Math Strategies

 

Taken from “How to be a Great Math Student”

By Richard Manning Smith, Ph.D.

 

 

¨      Begin with an open mind.   The most important quality that will affect your success is your attitude.

¨      If you can achieve success in a “difficult” math course, your awareness of that success can inspire you to pursue challenging projects in the future without becoming demoralized.

¨      Recognize that you have control over how well you will do in the course.

¨      Decide now that you will make an honest effort to do well in the course.

¨      Decide now that you will work not merely to pass the course but to do much better than pass.

¨      Decide now that you will persist in working hard in the course until the end, regardless of any setbacks that might occur along the way.

¨      Make an exceptional effort from the beginning.  Be over dedicated for the first two or three weeks of the course.

¨      Select your teacher with care.  Ask for recommendations from your counselor or tutor.

¨      Buy the textbook early.  Get a head start by reading appropriate sections before the course starts.

 

 

¨      Feel free to ask questions in class.  Don’t put off questions until later.

¨      Attend all classes.  Missing even one class can put you behind in the course by at least two classes.

¨      Arrive on time or a little early, get out your notes and homework, and identify any questions you have for the instructor.

¨      Sit in the front and center of the class.

¨      Use one three-ring binder devoted exclusively to math.  Keep all your notes and tests in order.

¨      Take a complete set of notes.  Compare notes with another person in class to fill in any parts you missed.

¨      Take a tape recorder to class to tape the lecture in addition to taking notes in class.

 

 

¨      Plan your study schedule carefully.  Give yourself a number of hours to study math every day.

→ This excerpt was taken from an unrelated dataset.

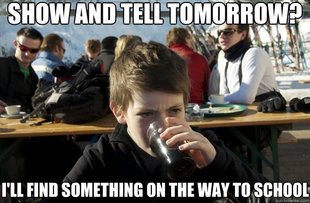 Lazy Primary School Student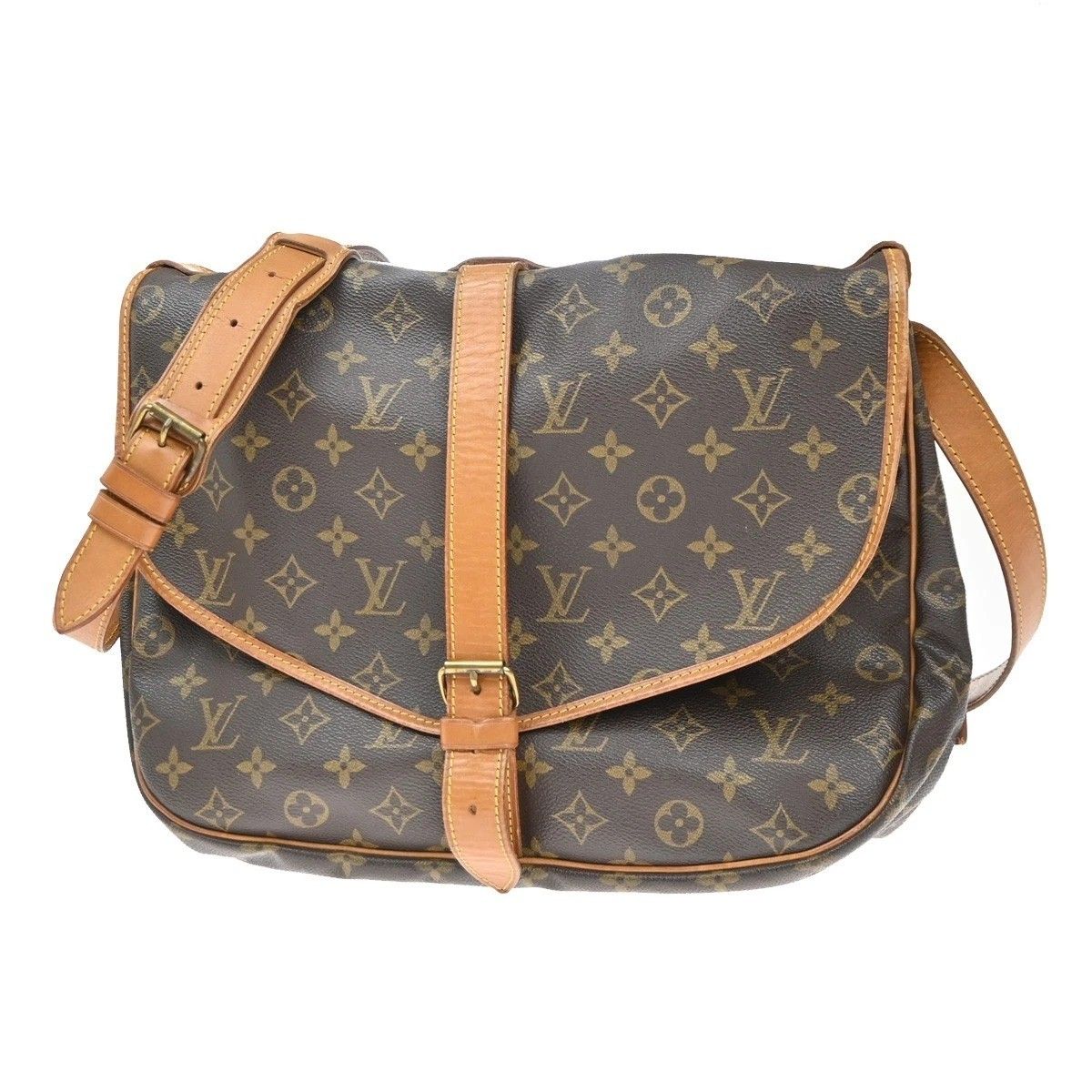 LOUIS VUITTON ルイ・ヴィトン ソミュール 35 ショルダーバッグ モノグラム レザー M42254 84KC171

¨      Choose a time of day to study math when you are especially alert.

¨      Work with a tutor, the instructor, or a study buddy every day.

¨      Read your math notes on the same day that you wrote them.

¨      Read the textbook and understand the concepts before starting your homework.

¨      A math textbook needs to be read slowly.  You do not have to read the whole chapter at once.  Read through a section, and then go through the examples.  Rework the examples without looking at the solution.

¨      Avoid test anxiety with solid preparation.

¨      Begin to prepare at least a week before the test.

¨      Write a list of all the topics the test might cover.  List each kind of word problem separately on your topics list.

¨      Find specific problems for each topic on your list.  Work out problems one topic at a time, until you are completely confident you understand that topic.

¨      Make up practice tests that have the same form as the test you will take.

¨      Think of ways to distinguish each type of problem from any other.  Write a list of similarities and differences.  Check that you have accurately identified the correct method for solving each problem.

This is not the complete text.